The distribution of Kt/V measurement methods is described in Supplementary data, Table S3. Of the 32 383 Kt/V available, 9619 (29.70%) were measured by the double-pool method, 9201 (28.41%) by ionic dialysance and 6869 (21.21%) by spKt/V. The measurement method was missing for 6280 Kt/V. The ‘other’ group included the weekly clearances of urea or standard Kt/V in 414 patients (1.28%). After adjusting for confounders identified by the Cox model, the dose–effect on survival persisted regardless of the Kt/V measurement method. An interaction analysis using the Wald test found no significant differences among the measurement methods and survival (P = 0.408). The effect of Kt/V on survival was not different depending on the method of measurement of Kt/V.
In the DAG analysis, and after accounting for the link with serum albumin, emergency start, vascular access, gender, dialysis modality and duration, a monodirectional relationship between Kt and mortality was shown, implying that the model measures the effect of dialysis dose on mortality (Supplementary data, Figure S2). A DAG diagram including the measurement method of Kt found similar results, which suggests that this adjustment was not necessary for the predictive model (data not shown).
DISCUSSION
In this study we tested the hypothesis that the dialysis dose influences the survival of patients treated with HD three times a week. To quantify the dialysis dose, we compared the currently recommended Kt/V and its variants Kt and Kt/A. Regardless of the indicator studied, a high dose of dialysis was consistently associated with better survival and this effect was more pronounced with the indicator at the last point than with the averaged indicator during the follow-up. The survival differential according to Kt was the most discriminating, but marginally, compared with the survival differential according to Kt/V and Kt/A. The better performance of Kt as a dialysis dose indicator as suggested in this study is consistent with recent data in the literature [19, 24, 29], possibly because of the lack of approximation of the volume of distribution of urea [13, 30].

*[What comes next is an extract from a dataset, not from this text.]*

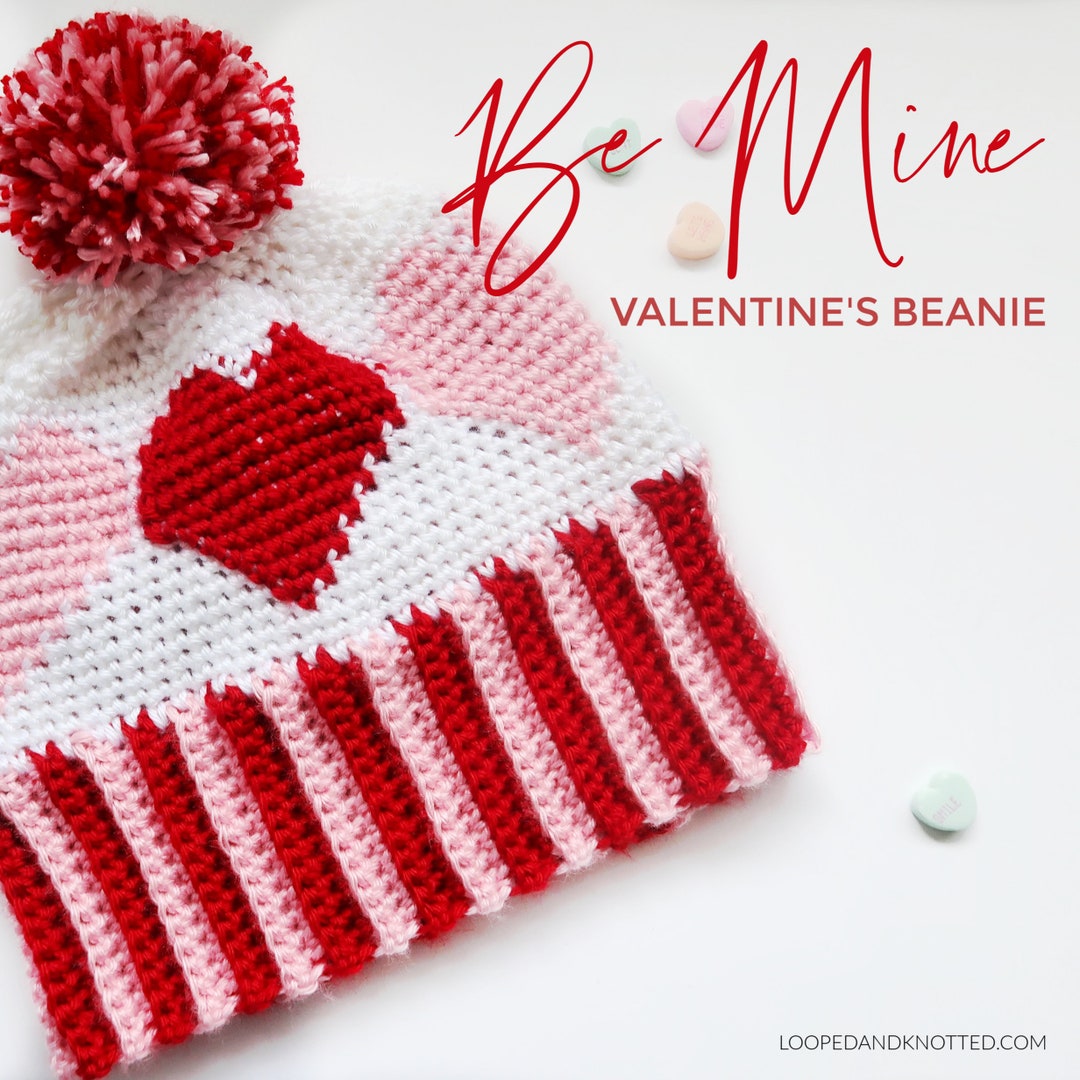 Crochet Heart Beanie Pattern Etsy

We further studied the determinants of survival besides the dialysis dose. Among the dialysis predictors, the protective factors against death were using an AVF rather than a tunnelled catheter or a graft, the scheduled start of dialysis compared with an emergency start and haemodiafiltration compared with HD. Several studies have shown a harmful effect of a central venous catheter versus an AVF, attributed to a higher risk of infection, clotting or bleeding [31, 32]. The emergency start of dialysis has also been described as having a negative impact on survival [33]. Haemodiafiltration appeared to increase patient survival, with a relative risk of mortality of 0.76 compared with HD, a figure comparable to a recent meta-analysis by Nubé et al. [34] when convection volume was >23 L/s.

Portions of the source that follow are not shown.